Moins clairement relié au groupement depuis quelques années, il est facile d'oublier que Bricomarché – au-delà d'un nom proche – reste le frère jumeaux d'Intermarché au sein du groupe Les Mousquetaires. Ce dernier, plus en retrait et retiré de la plupart des nouveaux logos de ses filiales, supervise ainsi non seulement les actions d'un des acteurs majeurs de l'alimentaire, au travers d'Intermarché, mais également d'un poids lourd du bricolage, de l'aménagement et du jardin. Les Mousquetaires ayant voulu se positionner sur tous les fronts, de la restauration au textile en passant par l'alimentaire et, plus récemment, le discount, ils ne pouvaient passer à côté de la manne que représente le développement d'un Bricomarché.
 

Une enseigne majoritairement française au cœur d'un marché au développement lent

C'est ainsi que – dix ans après l'émergence d'Intermarché et de son concept de producteurs commerçants – Bricomarché est créé en 1979 pour couvrir toutes les demandes non-alimentaires des ménages. Fonctionnant sur le même principe de commerçants indépendants adhérant au groupement, ils bénéficient dès cet instant d'une meilleure logistique, d'une centrale d'achat – et donc de meilleurs prix – ainsi que d'entrepôts, de la gestion informatique et de la notoriété du groupe les appuyant. Unités interdépendantes formant un tout plus imposant et puissant, les adhérents uniques d'Intermarché comme de Bricomarché mènent chacun de leur côté, comme tous ensemble, le combat qu'ils annoncent : une qualité similaire à d'autres pour des prix moindres.
 
Si Intermarché occupe de cette manière une solide troisième place de la grande distribution alimentaire, Bricomarché le suis de près en se positionnant 4ème de sa catégorie. Cependant, il n'est pas question des mêmes ordres de grandeur. Lorsque Intermarché compte quelques 1.800 points de vente en France pour 2.300 à travers toute l'Europe et un chiffre d'affaires de plus de 21 milliards en 2013, le petit frère Bricomarché atteint difficilement les 500 points de vente en France et 120 autres dans une poignée de pays européens pour « seulement » 2.2 milliards de chiffre d'affaires durant la même année. Cela s'explique aisément de par la nature même des produits vendus et la moindre nécessité de se fournir en outils et matériaux – plus onéreux et permanents – plutôt qu'en nourriture, indispensable, plaisante, mais surtout, consommable ne survivant pas à son utilisation.
 
 

Nouveau concept, nouvelle image, mais une poursuite des mêmes fondamentaux

Ce n'est en tout cas pas le manque d'ambition qui étouffe Bricomarché.

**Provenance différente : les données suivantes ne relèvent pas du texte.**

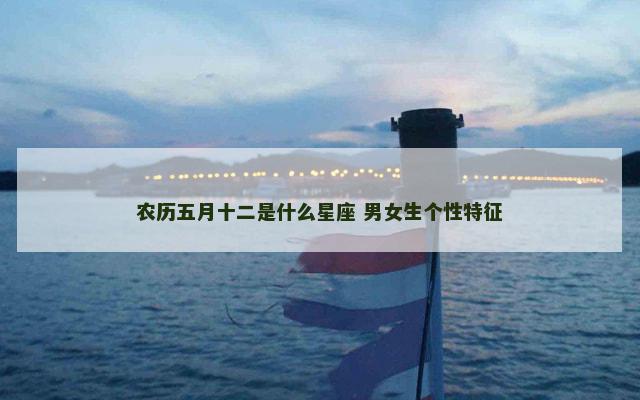 农历五月十二是什么星座 男女生个性特征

Au tournant du millénaire, l'enseigne s'exporte d'abord au Portugal après un partenariat avec le Canada l'année précédente, en 1997. En 2000, c'est le premier magasin en Pologne. La même année – et deux ans après la création de la centrale internationale AGENOR pour l'alimentaire – la centrale d'achats ARENA donne une toute nouvelle envergure à Bricomarché et Logimarché. Ce dernier évoqué est apparu également en 1998, durant cette période d'effervescence. Cette dénomination concerne les magasins de plus petites envergures que les Bricomarchés se situant davantage en zones rurales. Logimarché et Bricomarché avancent ainsi de concert pour frôler les 500 magasins en 2002 puis lancer, en 2004, le programme de fidélité de la marque et la carte allant avec.
 
En 2007, l'enseigne Logimarché s'efface pour être absorbée par un Bricomarché ornant désormais tous les magasins. Des magasins qui ambitionnent – comme le groupe le souhaite – de présenter prix bas et proximité avec un réseau dense de commerces présentant des produits accessibles. Mais à l'inverse d'enseignes de jardinage donnant aussi dans l'animalerie, ou de bricolage proposant des matériaux de construction, Bricomarché a été pensé, bâti et dirigé pour devenir la référence unique rassemblant décoration, bricolage, construction, jardinage et animalerie tout à la fois. S'étalant désormais sur quatre gammes de surfaces (800, 1.500, 2.300 et 3.500m², voire 5.000m² plus récemment), l'espace dédié à chaque « famille » ou « univers » varie en fonction de la demande de la zone environnante. Forte de ses adhérents participatifs, la marque a d'ailleurs lancé un projet pilote de singularisation encore plus poussée de chaque magasin par « géomarketing », prenant en compte tant le tissu social que concurrentiel alentours. Projet élargi progressivement à l'ensemble du réseau, il concerne aujourd'hui 200 indépendants avec pour objectif d'une conversion complète.
 
Il en va de même du reste. Après trente ans de bons et loyaux services, l'image de la marque et son logo son remplacés en 2009 : les couleurs sont conservées, mais les magasins font, autrement, peau neuve en proposant dans le même temps un nouveau concept. Les marques propres – ou marques « magasin » – vont ainsi se voir réduites en nombre, mais couvriront de plus larges gammes de produits. Concentrer pour renforcer a aussi été la ligne directrice de l'organisation des magasins eux-mêmes au sein desquels l'espace a été réorganisé selon les différents « univers ». Ce furent ainsi 5 à 10 % de surface supplémentaire de gagnés, mais surtout, des espaces dédiés plus homogènes et lisibles pour les clients, plus ergonomiques. Enfin, l'emphase a été mise sur l'achat pratique ou plaisir : le vrac a fait son apparition en bricolage, quand décoration et jardinage se voyaient davantage mis en avant via une mise en scène plus soutenue. Le premier réseau de commerçants indépendants du secteur fait donc peau neuve et monte dans le même temps en gamme en proposant Guidéal, produits de qualité supposément toujours « à prix Bricomarché ».
 
 

Montée en gamme, mais pas en prix : à qui cela coûte-t-il ?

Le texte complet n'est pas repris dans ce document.